Example 1 — Remainder and factor theorem
Question
The polynomial $P(x) = x^3 + ax^2 - 5x + b$ has a factor of $(x - 1)$ and leaves a remainder of $-18$ when divided by $(x + 2)$. Find $a$ and $b$.
Solution
Two conditions, two unknowns. Use the factor theorem and the remainder theorem.
Factor $(x-1)$ means $P(1) = 0$: $1 + a - 5 + b = 0 \Rightarrow a + b = 4$.
Remainder $-18$ on division by $(x+2)$ means $P(-2) = -18$: $-8 + 4a + 10 + b = -18 \Rightarrow 4a + b = -20$.
Subtract the equations: $3a = -24 \Rightarrow a = -8$, then $b = 4 - a = 12$.
So $a = -8$, $b = 12$. Always evaluate $P$ at the right value — $(x+2)$ means substitute $x = -2$, not $+2$.
We have two pieces of information, so we'll build two equations. The factor theorem says that if $(x-1)$ is a factor, then substituting $x = 1$ makes the polynomial zero: $P(1) = 1 + a - 5 + b = 0$, which tidies to $a + b = 4$.

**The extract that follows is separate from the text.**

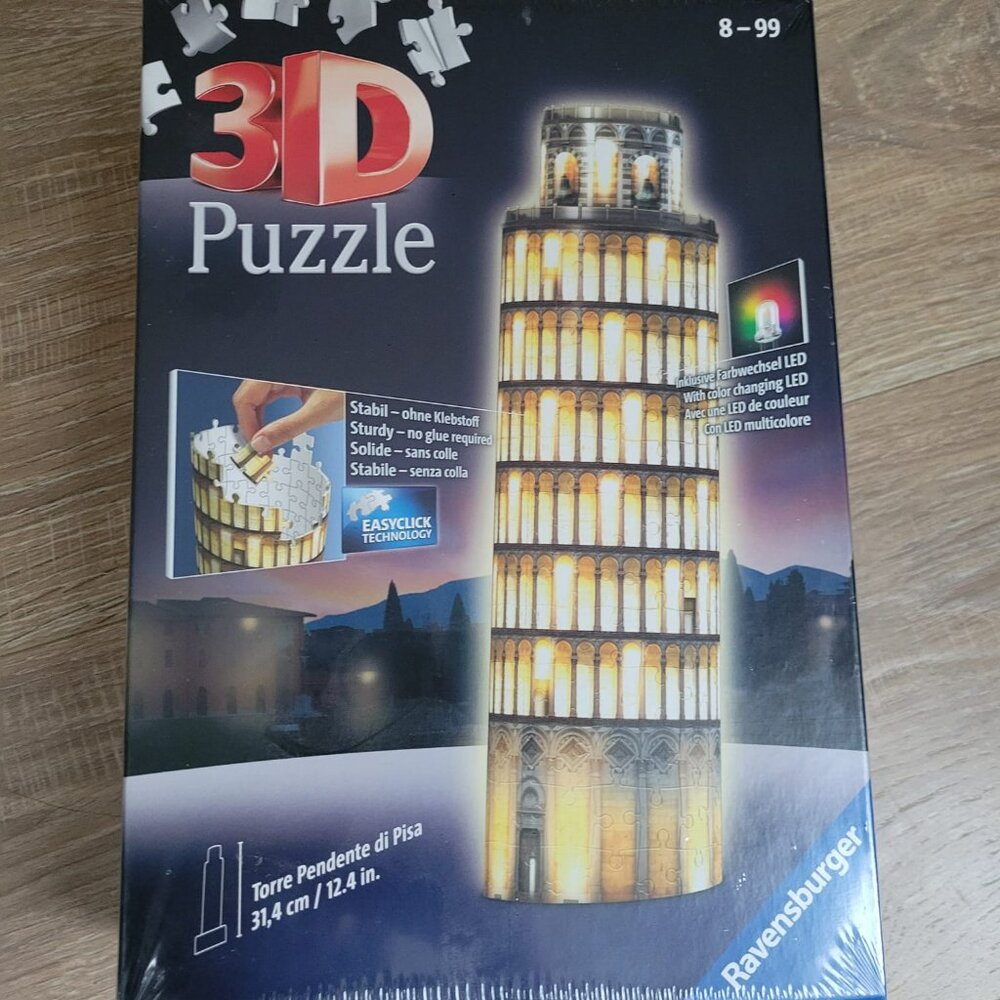 NIB Ravensburger Leaning Tower of Pisa Light-Up 3D Puzzle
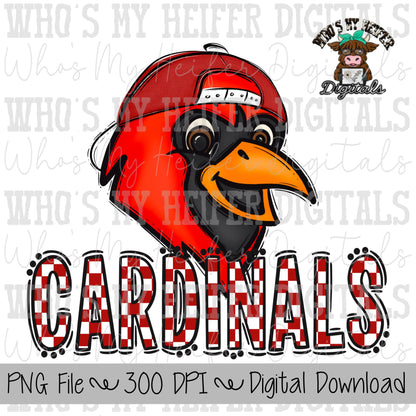 Red & White Cardinal PNG Hand Drawn Cardinal with Hat Sublimation PNG Game Day Shirt Designs School Spirit PNG Checkered Cardinal Doodle Art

The remainder theorem says the remainder when dividing by $(x + 2)$ equals $P(-2)$ — the value that makes $x + 2$ zero. So $P(-2) = (-2)^3 + a(-2)^2 - 5(-2) + b = -8 + 4a + 10 + b = -18$, giving $4a + b = -20$.
Now we solve the pair. Subtracting the first from the second eliminates $b$: $3a = -24$, so $a = -8$, and then $b = 4 - (-8) = 12$.
The reason both theorems work is that division leaves $P(x) = (x - c)Q(x) + R$, so plugging in $x = c$ wipes out the quotient and leaves just the remainder.
Two unknowns → two equations.
- Factor: $P(1) = 0 \Rightarrow 1 + a - 5 + b = 0 \Rightarrow a + b = 4$
- Remainder: $P(-2) = -18 \Rightarrow -8 + 4a + 10 + b = -18 \Rightarrow 4a + b = -20$
- Subtract: $3a = -24 \Rightarrow a = -8$, $b = 12$
$a = -8$, $b = 12$.
Where the marks go
- 1 mark: Uses factor theorem: $P(1) = 0$ giving $a + b = 4$
- 1 mark: Uses remainder theorem: $P(-2) = -18$ giving $4a + b = -20$
- 1 mark: Solves the simultaneous equations
- 1 mark: Correct values $a = -8$ and $b = 12$
Key idea
Factor theorem: $(x-c)$ is a factor iff $P(c) = 0$. Remainder theorem: the remainder on division by $(x-c)$ is $P(c)$.
Example 2 — Roots and coefficients
Question
The cubic $2x^3 - 3x^2 + 4x - 1 = 0$ has roots $\alpha$, $\beta$ and $\gamma$. Find the value of $\alpha^2 + \beta^2 + \gamma^2$.
Solution
Use the relationships between roots and coefficients, then the algebraic identity.
For $2x^3 - 3x^2 + 4x - 1 = 0$: $\sum \alpha = \tfrac{3}{2}$ and $\sum \alpha\beta = \tfrac{4}{2} = 2$.
The identity is $\alpha^2 + \beta^2 + \gamma^2 = \left(\sum \alpha\right)^2 - 2\sum \alpha\beta$.
So $= \left(\tfrac{3}{2}\right)^2 - 2(2) = \tfrac{9}{4} - 4 = -\tfrac{7}{4}$.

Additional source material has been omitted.